Re: [PATCH 01/10] Add parse_integer() (replacement for simple_strto*())

From: Rasmus Villemoes
Date: Mon May 04 2015 - 12:44:55 EST


[I'm merging the subthreads below]

On Mon, May 04 2015, Alexey Dobriyan <adobriyan@xxxxxxxxx> wrote:

> On Mon, May 4, 2015 at 4:24 PM, Rasmus Villemoes
> <linux@xxxxxxxxxxxxxxxxxx> wrote:
>>
>> First: Could you tell me what tree I can commit this on top of, to see
>> what gcc makes of it.
>
> Any recent kernel should be OK, code it quite self contained.
> I've just applied first two patches on top 4.1-rc2.
> BTW the correct order is
>
> 1) [PATCH 01/10] Add parse_integer() (replacement for simple_strto*())
> *** 2) [PATCH CORRECT 03/10] parse_integer: convert sscanf()
> 3) [PATCH 03/10] parse_integer: convert sscanf()
> 4) [PATCH 04/10] sscanf: fix overflow
> ...
> 10) [PATCH 10/10] ext2, ext3, ext4: convert to parse_integer()/kstrto*()
>
> I've copied patch #2 twice, so it won't apply and resent it
> with subject from patch #3 to confuse everyone even more.

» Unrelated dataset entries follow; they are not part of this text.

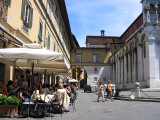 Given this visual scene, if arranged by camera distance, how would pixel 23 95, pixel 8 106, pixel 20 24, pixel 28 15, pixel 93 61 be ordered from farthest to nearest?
1. pixel 93 61
2. pixel 28 15
3. pixel 20 24
4. pixel 23 95
5. pixel 8 106

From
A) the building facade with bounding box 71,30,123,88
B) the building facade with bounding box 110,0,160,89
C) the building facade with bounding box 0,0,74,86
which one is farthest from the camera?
the building facade with bounding box 71,30,123,88

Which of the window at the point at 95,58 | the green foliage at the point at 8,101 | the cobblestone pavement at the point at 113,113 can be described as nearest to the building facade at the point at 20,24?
the cobblestone pavement at the point at 113,113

You certainly successfully confused me :-)

>>> +#define parse_integer(s, base, val) \
>>> +({ \
>>> + const char *_s = (s); \
>>> + unsigned int _base = (base); \
>>> + typeof(val) _val = (val); \
>>> + \
>>> + __builtin_choose_expr( \
>>> + __builtin_types_compatible_p(typeof(_val), signed char *), \
>>> + _parse_integer_sc(_s, _base, (void *)_val),
>>> \
>>
>> Why the (void*) cast? Isn't _val supposed to have precisely the type
>> expected by _parse_integer_sc at this point?
>>
>>> + __builtin_choose_expr( \
>>> + __builtin_types_compatible_p(typeof(_val), long *) && sizeof(long) == 4,\
>>> + _parse_integer_i(_s, _base, (void *)_val), \
>>> + __builtin_choose_expr( \
>>> + __builtin_types_compatible_p(typeof(_val), long *) && sizeof(long) == 8,\
>>> + _parse_integer_ll(_s, _base, (void *)_val), \
>>> + __builtin_choose_expr( \
>>> + __builtin_types_compatible_p(typeof(_val), unsigned long *) && sizeof(unsigned long) == 4,\
>>> + _parse_integer_u(_s, _base, (void *)_val), \
>>> + __builtin_choose_expr( \
>>> + __builtin_types_compatible_p(typeof(_val), unsigned long *) && sizeof(unsigned long) == 8,\
>>> + _parse_integer_ull(_s, _base, (void *)_val), \
>>
>> Ah, I see. In these cases, one probably has to do a cast to pass a
>> (long*) as either (int*) or (long long*) - but why not cast to the type
>> actually expected by _parse_integer_* instead of the launder-anything (void*)?
>
> First macro was written without casts at all naively thinking
> that gcc will only typecheck in chosen __builtin_choose_expr branch.
> But it doesn't do that, remove casts and observe million of warnings.
> So I shut it up with "void *". Branch is chosen base on __b_t_c_p
> expression and I don't think it is possible to sneak in incorrect pointer.

I see. I was worried about something like the cast laundering away a
const qualifier, but (const int*) is not _b_t_c with (int*). So ok for
now - I'll play around with this a little and see if one can get rid of
the casts anyway.
>>
>> Is there any reason to disallow "-0"?
>
> No! -0 is not accepted because code is copied from kstrtoll()
> which doesn't accept "-0". It is even in the testsuite:
>
> static void __init test_kstrtoll_fail(void)
> {
> ...
> /* negative zero isn't an integer in Linux */
> {"-0", 0},
> {"-0", 8},
> {"-0", 10},
> {"-0", 16},
>
> Frankly I don't even remember why it does that, and
> no one noticed until now. libc functions accept "-0".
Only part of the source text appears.